=== Begin Enclosure ===

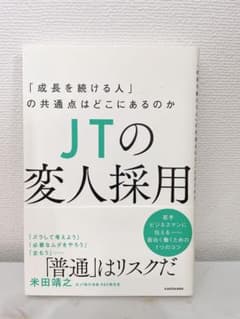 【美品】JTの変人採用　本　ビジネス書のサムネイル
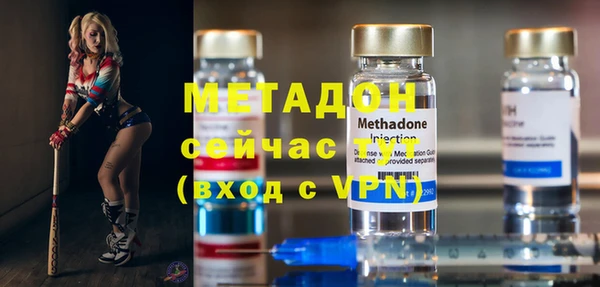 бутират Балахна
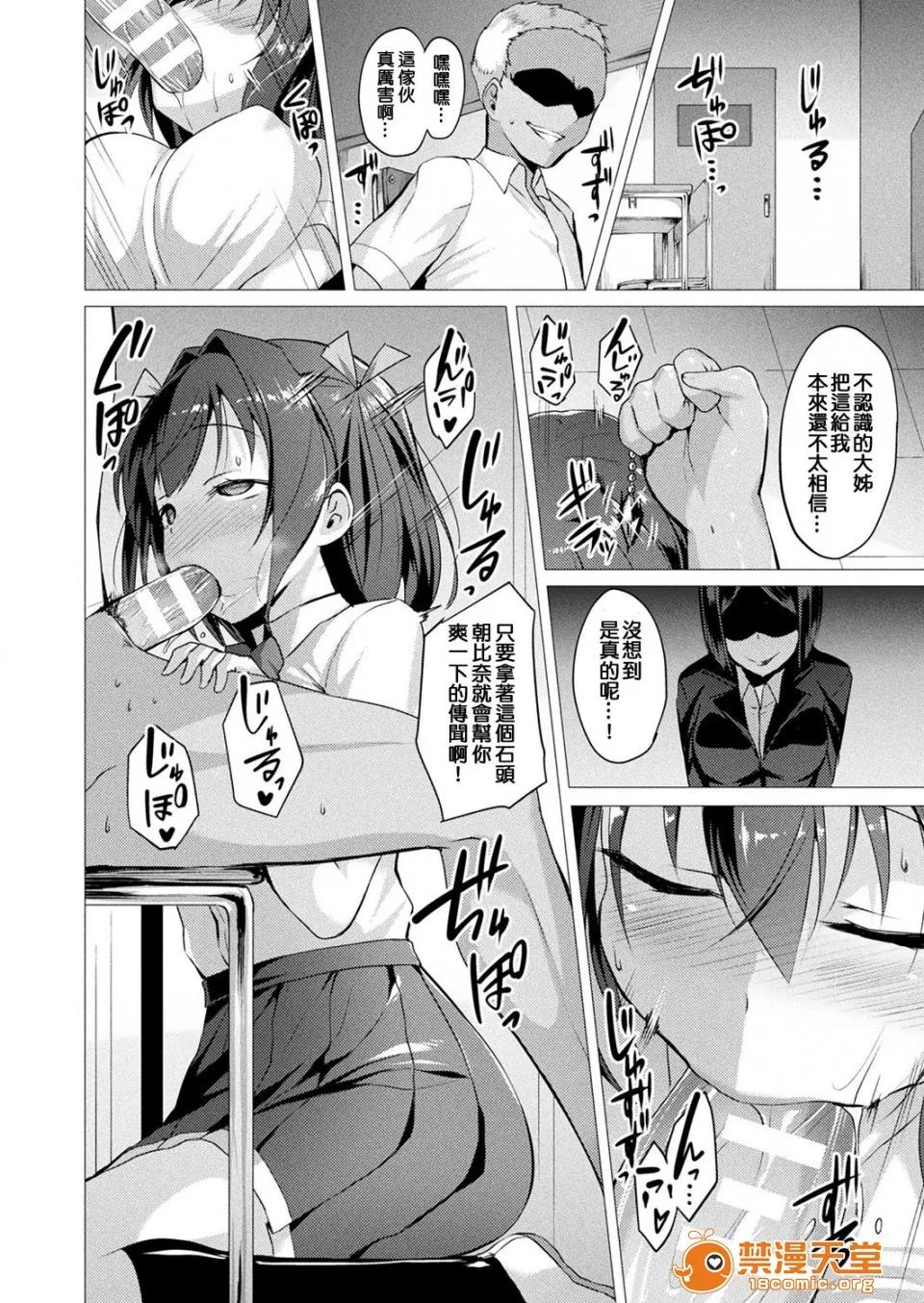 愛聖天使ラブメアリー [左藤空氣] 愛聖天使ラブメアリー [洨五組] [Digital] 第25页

=== End Enclosure ===
=== Begin Enclosure ===

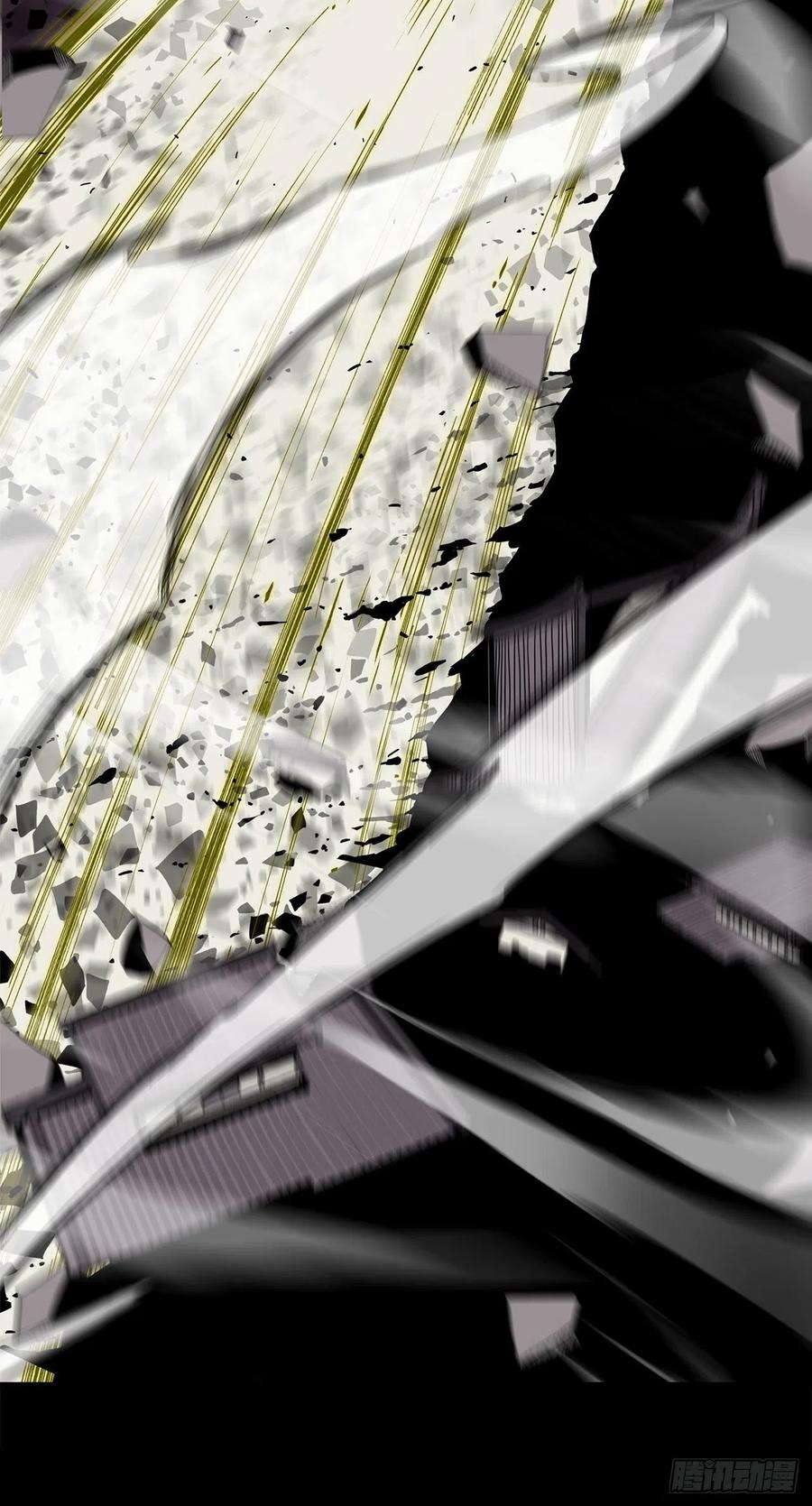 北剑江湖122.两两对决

=== End Enclosure ===
=== Begin Enclosure ===

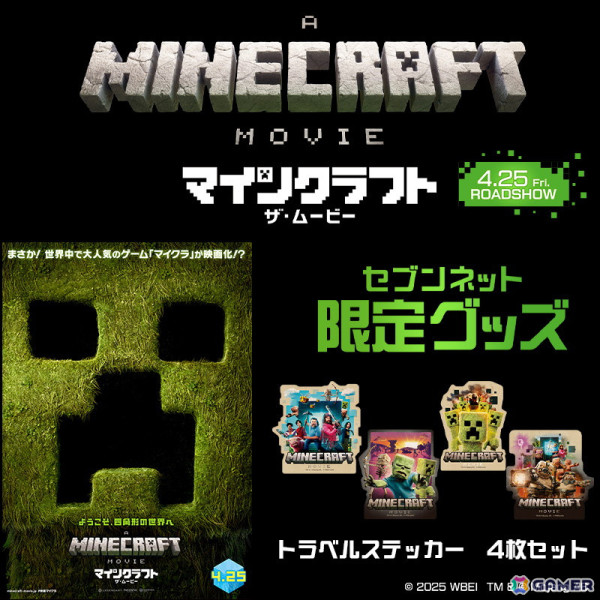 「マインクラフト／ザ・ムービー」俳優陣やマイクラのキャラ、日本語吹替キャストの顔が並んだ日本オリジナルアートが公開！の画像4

=== End Enclosure ===

#### [WORK REQUEST]
Going by the entries above, repeat exactly the lines that start at the line with "бутират Балахна" and go on through the line with "愛聖天使ラブメアリー [左藤空氣] 愛聖天使ラブメアリー". Pictures are not part of the copy.

#### [SOLUTION TO THIS EXERCISE]
 бутират Балахна
 愛聖天使ラブメアリー [左藤空氣] 愛聖天使ラブメアリー [洨五組] [Digital] 第25页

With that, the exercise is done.